Further clarification while equally as sleep deprived as I was in the video in regards to my Kafka-appreciation issues…

Kafka is one of those authors that, despite numerous attempts, I just don’t “get”. I’ve read his books, books about his books, and books about him–so you’d think something would stick, or spark my interest and generate some deep interest in his work within me. But it just hasn’t happened, and I don’t think it’s going to.

It’s funny that I’m writing this, because I feel like admitting to “not getting it” implies one of two things: laziness (a completely possible explanation) or worse, stupidity. It’s not that I turn to books entirely for the purpose of mental thumb-twiddling, or that I don’t have the mental capacity to understand higher concepts… I just don’t want books to stress me out. I have work, bills, a personal life and a moderately successful blog (not this one, obviously) that keep me covered in that department. That’s what reading Kafka does: stress me out.

The interest I had in Kafka’s work sprouted from a source I probably shouldn’t openly admit to: smart people (women, even!) in photos, showing off their sizable book collection in the background while framing their faces with one of his books. This blatant display of sexy-but-smarty-tarty snootiness made me curious. Over the years the number of girls broadcasting their Kafka love increased, but curiosity alone is not enough to overcome my deep, semantic dislike for his writing.

It’s not that the concepts are over my head, I think. (I mean, I wouldn’t know if I was too stupid to comprehend the material… or would I?) I understand that for Kafka there was no difference between life and art, which meant his art was just life. And life, it seems, contained many run-on sentences. It does in my head, too. But once put down in words there has to be something to break up the bubbles and lines; something short and sweet like an apostrophe or dash that allows the reader to know when they can take a breath, especially when relating your thoughts to others out loud.

Maybe it’s just the fact he was intensely anti-Freud during a time when people eagerly lapped up that psychoanalysis bullshit. I can even understand the great deal of himself that he poured into every story–the deep sadness over his lack of offspring, his desire to feel freedom in the less cognitive thought processes of other creatures.

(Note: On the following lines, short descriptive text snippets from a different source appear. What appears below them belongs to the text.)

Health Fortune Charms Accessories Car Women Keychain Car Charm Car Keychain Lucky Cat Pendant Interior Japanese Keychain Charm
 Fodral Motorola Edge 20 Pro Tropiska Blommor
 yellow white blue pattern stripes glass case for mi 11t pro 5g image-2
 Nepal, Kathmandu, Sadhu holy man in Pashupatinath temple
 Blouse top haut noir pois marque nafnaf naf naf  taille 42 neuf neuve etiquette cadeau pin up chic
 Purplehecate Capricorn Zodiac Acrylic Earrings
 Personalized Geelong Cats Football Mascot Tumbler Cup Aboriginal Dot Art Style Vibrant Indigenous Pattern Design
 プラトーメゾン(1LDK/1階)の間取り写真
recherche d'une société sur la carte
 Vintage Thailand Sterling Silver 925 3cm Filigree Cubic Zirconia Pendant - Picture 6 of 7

All this trash-talking aside, one quote of his haunts me, if only for its simplicity (finally!) and how strongly I’ve found myself relating to it:

“The only strange thing about me is my nature.”

… After reading that line to myself time and again over the past few days, it’s the single most accurate explanation of self I can think of. I still think the man was onto something, lack of punctuation aside.

  • Fahrington

    Kerouac had terrible punctuation too. Do you have a hard time reading him? Don’t feel so bad; I have a hard time reading Naked Lunch and there’s so much hype about it it drives me insane.

  • http://www.lettersjournal.org/blog letters journal

    Gershom Scholem writing to Walter Benjamin about Kafka:

    “I advise you to begin any inquiry into Kafka with the Book of Job, or at least with a discussion of the possibility of divine judgment, which I regard as the sole subject of Kafka’s worthy of being treated in a work of literature… Here [in Kafka], for once, a world is expressed in which redemption cannot be anticipated – go and explain this to the goyim! I believe that at this point your critique will become just as esoteric as its subject; the light of revelation never burned as unmercifully as it does here. This is the theological secret of perfect prose. The overwhelming statement that the Last Judgment is, rather, a martial law was made, unless I am mistaken, by Kafka himself.”